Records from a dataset
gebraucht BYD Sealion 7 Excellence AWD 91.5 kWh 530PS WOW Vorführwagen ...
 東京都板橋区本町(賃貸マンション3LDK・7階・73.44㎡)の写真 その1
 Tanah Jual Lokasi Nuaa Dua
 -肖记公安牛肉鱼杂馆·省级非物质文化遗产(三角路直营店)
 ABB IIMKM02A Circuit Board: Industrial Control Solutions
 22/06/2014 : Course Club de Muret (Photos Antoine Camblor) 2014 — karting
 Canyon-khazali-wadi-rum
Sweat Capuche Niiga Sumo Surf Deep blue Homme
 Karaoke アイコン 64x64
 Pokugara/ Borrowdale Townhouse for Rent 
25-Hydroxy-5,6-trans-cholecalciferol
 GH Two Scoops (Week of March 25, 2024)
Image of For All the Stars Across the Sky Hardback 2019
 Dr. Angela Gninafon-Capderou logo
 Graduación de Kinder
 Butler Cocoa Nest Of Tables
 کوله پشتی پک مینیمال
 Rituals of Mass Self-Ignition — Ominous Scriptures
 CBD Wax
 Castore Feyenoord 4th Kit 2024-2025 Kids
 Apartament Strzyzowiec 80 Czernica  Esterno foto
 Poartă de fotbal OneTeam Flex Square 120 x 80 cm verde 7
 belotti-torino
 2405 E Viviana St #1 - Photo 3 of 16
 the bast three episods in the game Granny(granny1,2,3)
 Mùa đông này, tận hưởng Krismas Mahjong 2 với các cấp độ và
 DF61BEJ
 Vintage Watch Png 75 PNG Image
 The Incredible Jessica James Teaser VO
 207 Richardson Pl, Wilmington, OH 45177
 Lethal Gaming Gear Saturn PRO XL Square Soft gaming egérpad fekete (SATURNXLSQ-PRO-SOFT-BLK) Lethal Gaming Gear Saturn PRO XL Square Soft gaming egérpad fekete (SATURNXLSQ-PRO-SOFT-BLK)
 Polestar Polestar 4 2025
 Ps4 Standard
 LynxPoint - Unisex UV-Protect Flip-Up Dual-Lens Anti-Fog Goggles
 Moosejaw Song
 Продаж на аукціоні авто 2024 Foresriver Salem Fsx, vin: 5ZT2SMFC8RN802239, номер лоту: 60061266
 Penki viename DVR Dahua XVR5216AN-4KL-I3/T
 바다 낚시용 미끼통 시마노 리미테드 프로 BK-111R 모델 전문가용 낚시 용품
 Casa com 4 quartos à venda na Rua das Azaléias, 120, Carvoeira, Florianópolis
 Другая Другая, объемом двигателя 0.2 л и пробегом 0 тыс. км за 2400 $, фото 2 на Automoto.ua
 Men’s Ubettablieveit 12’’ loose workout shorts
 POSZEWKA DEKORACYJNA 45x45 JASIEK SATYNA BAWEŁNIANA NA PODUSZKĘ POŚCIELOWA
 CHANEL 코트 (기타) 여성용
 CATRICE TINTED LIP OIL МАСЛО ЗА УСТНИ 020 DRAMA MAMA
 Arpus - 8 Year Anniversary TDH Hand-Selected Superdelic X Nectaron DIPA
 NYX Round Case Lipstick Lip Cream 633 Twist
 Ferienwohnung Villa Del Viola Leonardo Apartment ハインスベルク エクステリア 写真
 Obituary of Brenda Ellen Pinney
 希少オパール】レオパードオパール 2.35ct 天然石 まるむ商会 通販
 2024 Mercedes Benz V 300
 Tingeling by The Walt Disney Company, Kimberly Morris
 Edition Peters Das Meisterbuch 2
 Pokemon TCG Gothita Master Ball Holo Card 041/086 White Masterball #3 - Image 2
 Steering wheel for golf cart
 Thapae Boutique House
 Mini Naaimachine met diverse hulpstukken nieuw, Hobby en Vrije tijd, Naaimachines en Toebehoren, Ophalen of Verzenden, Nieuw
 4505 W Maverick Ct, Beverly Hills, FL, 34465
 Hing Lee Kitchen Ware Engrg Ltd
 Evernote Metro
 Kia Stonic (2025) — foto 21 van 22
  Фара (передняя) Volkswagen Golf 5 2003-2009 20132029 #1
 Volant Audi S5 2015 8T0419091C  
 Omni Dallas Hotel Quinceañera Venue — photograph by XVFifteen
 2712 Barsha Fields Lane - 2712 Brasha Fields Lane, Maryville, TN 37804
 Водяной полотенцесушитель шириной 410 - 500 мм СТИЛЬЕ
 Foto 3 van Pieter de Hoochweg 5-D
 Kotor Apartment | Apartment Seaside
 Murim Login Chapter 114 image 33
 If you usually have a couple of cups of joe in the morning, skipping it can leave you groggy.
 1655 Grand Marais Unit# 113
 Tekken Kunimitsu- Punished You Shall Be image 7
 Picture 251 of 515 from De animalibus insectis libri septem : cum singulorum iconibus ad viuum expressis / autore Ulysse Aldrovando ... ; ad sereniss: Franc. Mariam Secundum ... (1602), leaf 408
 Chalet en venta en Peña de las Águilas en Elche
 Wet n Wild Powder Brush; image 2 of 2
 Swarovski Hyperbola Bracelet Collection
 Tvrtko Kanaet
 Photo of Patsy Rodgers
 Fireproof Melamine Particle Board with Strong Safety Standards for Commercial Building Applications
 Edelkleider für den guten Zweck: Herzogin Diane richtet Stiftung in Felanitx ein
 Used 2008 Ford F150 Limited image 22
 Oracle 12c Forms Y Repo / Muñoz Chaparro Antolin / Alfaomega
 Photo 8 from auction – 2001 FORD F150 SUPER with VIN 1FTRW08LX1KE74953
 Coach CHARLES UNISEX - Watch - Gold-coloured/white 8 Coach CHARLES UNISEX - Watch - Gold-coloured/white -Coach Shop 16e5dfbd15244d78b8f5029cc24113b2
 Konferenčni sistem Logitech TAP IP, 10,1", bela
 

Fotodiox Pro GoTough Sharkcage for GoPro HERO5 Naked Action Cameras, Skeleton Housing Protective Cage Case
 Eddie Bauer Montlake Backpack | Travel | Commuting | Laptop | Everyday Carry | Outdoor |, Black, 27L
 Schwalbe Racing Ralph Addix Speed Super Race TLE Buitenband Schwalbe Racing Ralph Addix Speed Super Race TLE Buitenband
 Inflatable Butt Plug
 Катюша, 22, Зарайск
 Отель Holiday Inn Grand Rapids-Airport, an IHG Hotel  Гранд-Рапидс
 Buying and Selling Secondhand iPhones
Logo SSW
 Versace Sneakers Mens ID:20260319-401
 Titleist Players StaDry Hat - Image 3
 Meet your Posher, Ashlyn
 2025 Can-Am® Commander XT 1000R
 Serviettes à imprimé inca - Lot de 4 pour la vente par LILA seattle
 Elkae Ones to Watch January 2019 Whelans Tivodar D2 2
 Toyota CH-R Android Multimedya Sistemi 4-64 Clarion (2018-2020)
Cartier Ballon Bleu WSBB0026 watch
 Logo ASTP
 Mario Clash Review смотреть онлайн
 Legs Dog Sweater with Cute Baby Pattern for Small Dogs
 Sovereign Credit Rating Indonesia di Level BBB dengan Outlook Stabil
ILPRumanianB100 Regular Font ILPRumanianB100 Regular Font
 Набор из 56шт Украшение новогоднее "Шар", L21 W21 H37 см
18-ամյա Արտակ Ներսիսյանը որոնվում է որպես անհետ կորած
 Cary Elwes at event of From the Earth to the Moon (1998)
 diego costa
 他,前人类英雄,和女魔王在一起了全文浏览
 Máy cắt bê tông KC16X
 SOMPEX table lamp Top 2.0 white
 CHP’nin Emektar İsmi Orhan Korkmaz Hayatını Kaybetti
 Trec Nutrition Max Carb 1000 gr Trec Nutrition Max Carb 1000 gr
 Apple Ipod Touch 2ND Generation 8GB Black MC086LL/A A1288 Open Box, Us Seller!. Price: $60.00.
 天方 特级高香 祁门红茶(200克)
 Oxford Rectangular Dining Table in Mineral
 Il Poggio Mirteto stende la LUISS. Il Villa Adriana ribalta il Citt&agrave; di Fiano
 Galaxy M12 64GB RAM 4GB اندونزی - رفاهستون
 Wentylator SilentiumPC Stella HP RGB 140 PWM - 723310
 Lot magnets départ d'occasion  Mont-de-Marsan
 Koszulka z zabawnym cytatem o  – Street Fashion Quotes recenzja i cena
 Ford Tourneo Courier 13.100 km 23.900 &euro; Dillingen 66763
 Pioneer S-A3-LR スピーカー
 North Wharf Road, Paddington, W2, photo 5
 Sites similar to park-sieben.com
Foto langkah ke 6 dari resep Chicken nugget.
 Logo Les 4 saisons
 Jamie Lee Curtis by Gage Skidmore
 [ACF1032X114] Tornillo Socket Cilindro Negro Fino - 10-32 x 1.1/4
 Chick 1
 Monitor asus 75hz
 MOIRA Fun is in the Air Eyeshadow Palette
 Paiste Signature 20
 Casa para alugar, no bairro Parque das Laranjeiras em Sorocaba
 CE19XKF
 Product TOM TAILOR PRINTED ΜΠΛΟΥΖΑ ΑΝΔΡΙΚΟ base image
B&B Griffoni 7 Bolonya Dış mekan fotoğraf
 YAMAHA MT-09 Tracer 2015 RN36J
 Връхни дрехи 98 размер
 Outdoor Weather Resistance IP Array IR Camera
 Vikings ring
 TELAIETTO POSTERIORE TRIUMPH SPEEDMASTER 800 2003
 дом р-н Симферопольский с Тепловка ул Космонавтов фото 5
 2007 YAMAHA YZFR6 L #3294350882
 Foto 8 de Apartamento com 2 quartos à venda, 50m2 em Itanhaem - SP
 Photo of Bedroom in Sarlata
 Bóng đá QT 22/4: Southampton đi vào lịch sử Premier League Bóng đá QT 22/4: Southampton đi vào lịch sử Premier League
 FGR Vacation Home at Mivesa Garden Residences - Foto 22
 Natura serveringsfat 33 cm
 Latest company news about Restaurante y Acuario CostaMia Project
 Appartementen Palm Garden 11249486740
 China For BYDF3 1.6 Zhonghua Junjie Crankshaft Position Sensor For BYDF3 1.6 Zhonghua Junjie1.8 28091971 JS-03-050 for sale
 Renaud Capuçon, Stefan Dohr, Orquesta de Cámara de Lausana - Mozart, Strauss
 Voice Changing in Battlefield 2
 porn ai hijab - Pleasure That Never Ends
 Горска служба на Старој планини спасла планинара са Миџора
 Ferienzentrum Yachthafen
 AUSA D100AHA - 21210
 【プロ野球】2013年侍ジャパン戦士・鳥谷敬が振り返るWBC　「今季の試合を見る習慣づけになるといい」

**EXERCISE DETAILS:**
For this exercise, repeat exactly the lines of the data above from the one with "belotti-torino" down to the one with "Moosejaw Song", both end lines included.

**TASK ANSWER:**
 belotti-torino
 2405 E Viviana St #1 - Photo 3 of 16
 the bast three episods in the game Granny(granny1,2,3)
 Mùa đông này, tận hưởng Krismas Mahjong 2 với các cấp độ và
 DF61BEJ
 Vintage Watch Png 75 PNG Image
 The Incredible Jessica James Teaser VO
 207 Richardson Pl, Wilmington, OH 45177
 Lethal Gaming Gear Saturn PRO XL Square Soft gaming egérpad fekete (SATURNXLSQ-PRO-SOFT-BLK) Lethal Gaming Gear Saturn PRO XL Square Soft gaming egérpad fekete (SATURNXLSQ-PRO-SOFT-BLK)
 Polestar Polestar 4 2025
 Ps4 Standard
 LynxPoint - Unisex UV-Protect Flip-Up Dual-Lens Anti-Fog Goggles
 Moosejaw Song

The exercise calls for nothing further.